Lo primero que llama la atención de esta su nueva obra es la contundencia formal de la misma. Impresiona enfrentarse a esos dos largos millares de versos, distribuidos en casi un centenar de poemas, todos los cuales guardan rigurosa unidad: la propia Juana Vázquez es el tema único. Mujer que venía acumulando multitud de horas semanales de aula, archivos, estrados, pupitres, ordenador y calle (sin olvidar las de mercado, cocina, cafés y tabernas), el reloj de la sangre parece exigirle un alto en tan frenética actividad. Y como, ante todo, se sabe “poeta por prescripción facultativa” (pág. 13), no puede menor de recurrir a la voz lírica para componer estas reflexiones sobre su propio yo y cuanto le está sucediendo. Es verdad que todo no va ser ese “yo, mí, me, conmigo” ahora casi ineludible, esforzándose a veces por percibir los ecos del mundanal ruido. Pero serán momentos coyunturales, para volver casi de inmediato al autoanálisis, la investigación de la propia intimidad, ese ego que todos hemos confirmando a lo largo de nuestra más o menos feliz existencia.
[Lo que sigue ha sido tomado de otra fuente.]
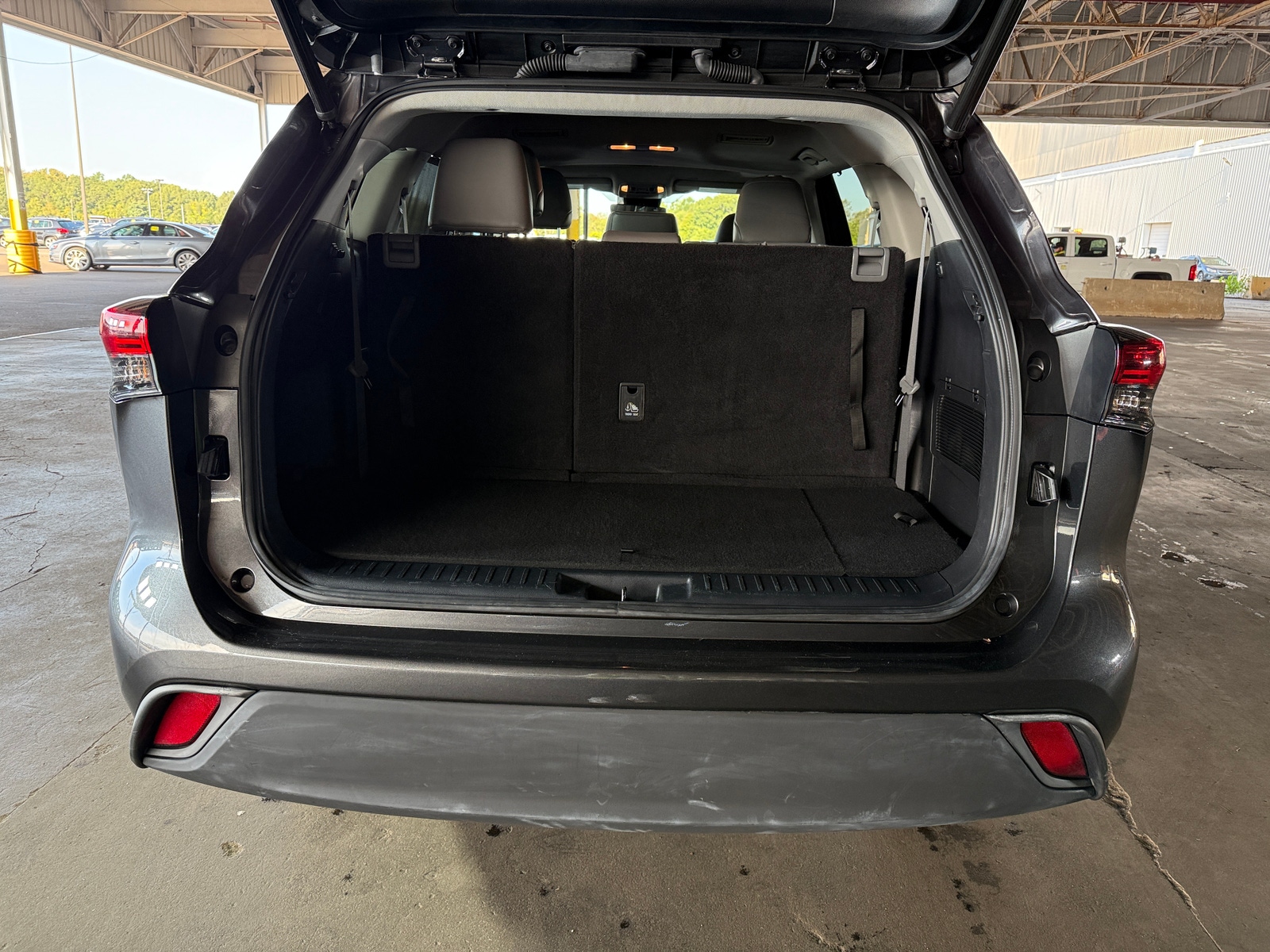 Thumbnail: 2023 Toyota Highlander - 6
Sorprenderá que la autora se perciba una y otra vez como un sujeto sumido en la melancolía (el término más recurrente del texto), las dudas, la indolencia, el tedio, la autocompasión y demás sentimientos negativos. ¿Cómo convivir con esos estados psicológicos alguien que se reconoce “brusca reivindicativa insolente/descarada transgresora/políticamente incorrecta” (pág. 46), según los parámetros que han ido conformando su conducta? Desde luego, no será fácil convertir en Penélope a quien se intuye mucho más cercana a Ulises, “lujuriosamente viajera”. La cafeína, el tabaco, el whisky, algún cubatita sola o acompañada, un paseo por ciertas calles de Madrid, ayudarán tal vez a restablecer los ánimos y resistir las lides de todo los días. Y, sin duda, tendrá siempre a mano la pasión por el lenguaje, el impulso irresistible de la palabra poética (la minúscula, por favor), que vuelve a suscitarse con entera pujanza incluso cuando se la pudo dar por definitivamente ensordecida, un bullicio desenfrenado que se impone como el relámpago en el cielo.
Y es que Juana Vázquez confiesa: “No sé acompasarme a las horas de luz y oscuridad/ a lo vertical y horizontal/ pues no vivo/ Yo no vivo/. Mi vida la vive la errática y loca poesía” (pág. 115). ¿Quién querrá perderse confesiones como éstas?
Juana Vázquez Marín, El incendio de las horas. Madrid, Huerga&Fierro, 2015.